Yes 300/11 = ~27....but 300/1 = 300.
Yes because the headphone has high impedance, it is easier to damp electrically, however that also means an output impedance near zero will still have that much higher damping and control. And basically it gives enough control over the diapghrams to reproduce details that IMO easily get glossed over otherwise.
Also impedance specs aside...I am basing my findings on what I hear with different headphones and different impedance outputs and I'm still saying that the Senns have a large impedance rise which makes them quite sensitive to impedance outputs. I believe Grado's are much more uniform across frequencies in terms of impedance. Both Beyer DT931 and Senns seem to respond a lot to impedance outputs...both have impedance rises.

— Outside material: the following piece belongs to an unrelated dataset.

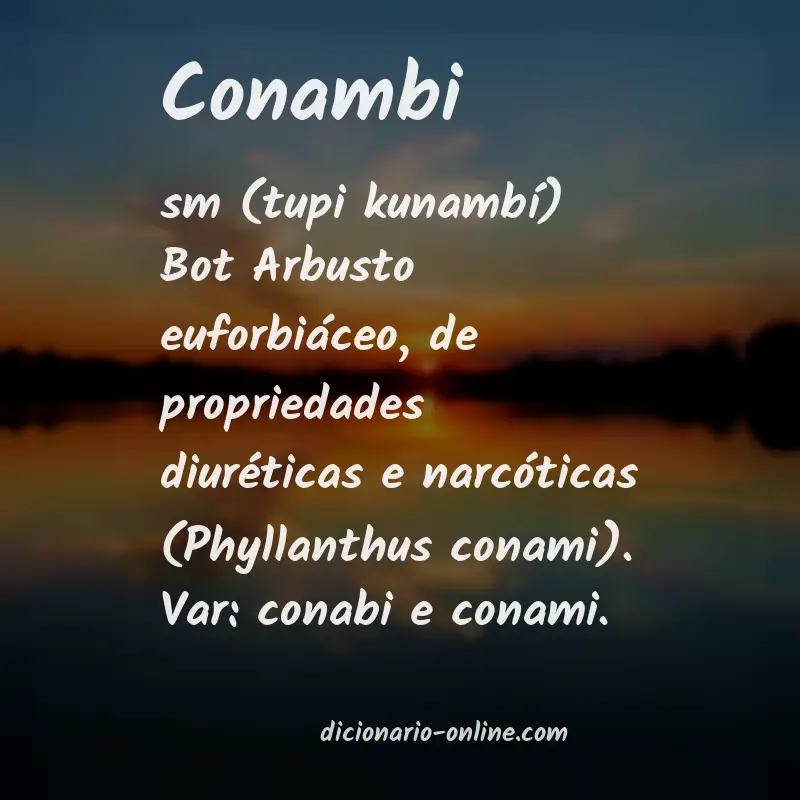 Significado de conambi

Of course the DT931 is tuned at 120 and typically sounds better at higher output impedance. It also has much more mechanical damping (I've seen the innards before).
I still wouldn't be too quick to judge the output impedances of any of those amps. I once asked thomas about the 47 ohm resisters near the output of the typical CHA47's and wheter that amounted to a higher output impedance and he basically said "no" in a more detailed answer that I wouldn't be able to recount.

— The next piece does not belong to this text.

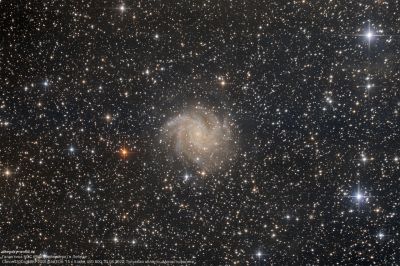 Галактика NGC 6946 (Фейерверк) в Лебеде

I do not know for sure but I have a hunch that those SS dedicated amps such as META42's, etc, may have very low output impedances. We should get a META42 DIY buff to chime in. Creeks are some SS amps that don't have near zero output impedances, but IMO, you can also *hear* that difference when compared to other SS amps. In anycase it is something that you need to measure, or talk to the META42 buffs about.
I just have the silly notion that a speaker amp watered down to handle headphones, has more problems to deal with than a dedicated amp designed for headphones. Basically getting an amp that is designed to give 50+ watts of power for an application that only needs miliwatts (typically 1/1000th of what is needed for speakers). Often....the tolerances allowed in speaker amps are also that much higher than what is tolerable in a good dedicated headphone amp. I think a good shovel is probably a better idea to plant a small tree, than a large bulldozer modded to do the work of a shovel.

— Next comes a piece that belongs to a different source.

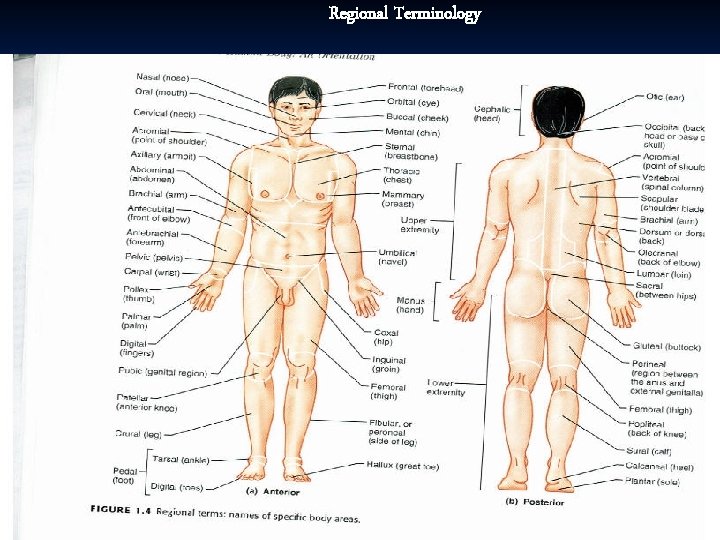 Regional Terminology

As for tube amps...I've always grossly preferred Senns being driven by the beefy overkill SS amps with output impedances as low as possible. And IMO the Senns being driven out of the "high-end" Holmes Powell was just gross. There are people that don't mind listening to their Senns from receivers with typically 220+ output impedance outputs. But IMO...they either don't care about transparency...or just haven't heard any better. Me? It wouldn't even be worth it for me to keep either Senn580/600 with a low output impedance amp that isn't good enough...much less a typical receiver jack.
ER4S have higher impedance than ER4P's...which of these headphones would prefer the lower output impedance?
Not everything is going to boil down to simple division formulas. Again even the impedance values of the Senns is not just "300" it varies across frequencies. 300 is only a simplified spec of its real-world performance.